Define Multiparty System.
Multiparty system means the presence of several equally influential political parties in the country. Several political parties are actively involved in the political process elections are contested by a large number of political parties.

Question 46.
Name some countries which have Multiparty System.
Some countries which have multiparty system are: India, Switzerland, Japan, Italy and France.

Question 47.
What are the six main functions of political parties?
The six main functions of political parties are:
(1) Formation of public opinion.
(2) Act as agencies of political education.
(3) Valuable agencies for recruitment of leaders.
(4) Formulation of Demands.
(5) Aggregation of public demands and taking these to the government.
(6) Formation of government or acting as opposition parties.

Question 48.
What is the merits of political parties?
The merits of political parties are:
(1) Essential democratic actors of politics.
(2) Political parties are a source of rational unit.
(3) Political parties in opposition keep the government under check.
(4) Political parties are vital links between the people and their government.
(5) Parties act an agencies for the formulation of public opinion.

Question 49.
What is the demerits of political parties?
The demerits in political parties are:
(1) Political parties are a source of divisions among the people.
(2) Political parties cannot reflect and clarify public opinion.
(3) Political parties are always dominated by rich people.
(4) Political parties are a source of disharmony and unhealthy opposition.
(5) Political parties are a source of dirty party politics and delays in law-making.
(6) Often give more importance to their interests over the national interests.

Question 50.
What is the role of political parties in a democracy?
Political parties are essential for every democratic state. These act as the basic actors in politics. These continuously participate in the political process. In particular, these always contest elections. When a political party or an alliance of some political parties gets a majority, it forms the government and other parties act as opposition parties.
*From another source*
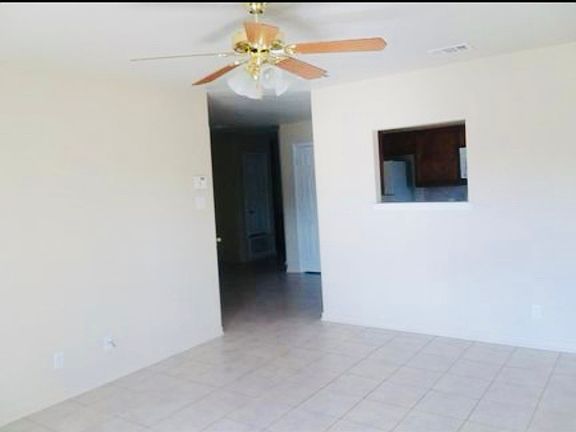 4th image of 1506 Golden Eagle Ct #B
CHSE Odisha Class 12 Political Science Unit 1 Democracy in India Short Answer Questions

Question 51.
What is the meaning of “No party No Democracy”?
Political parties are totally essential for the functioning of democracy. Without political parties elections cannot be held, government-making cannot be really done, there can be no real check in the exercise of government power, public opinion remains ambiguous and people do not get a real political party, no democratic government can really function. The absence of political parties means the presence of unreal democracy.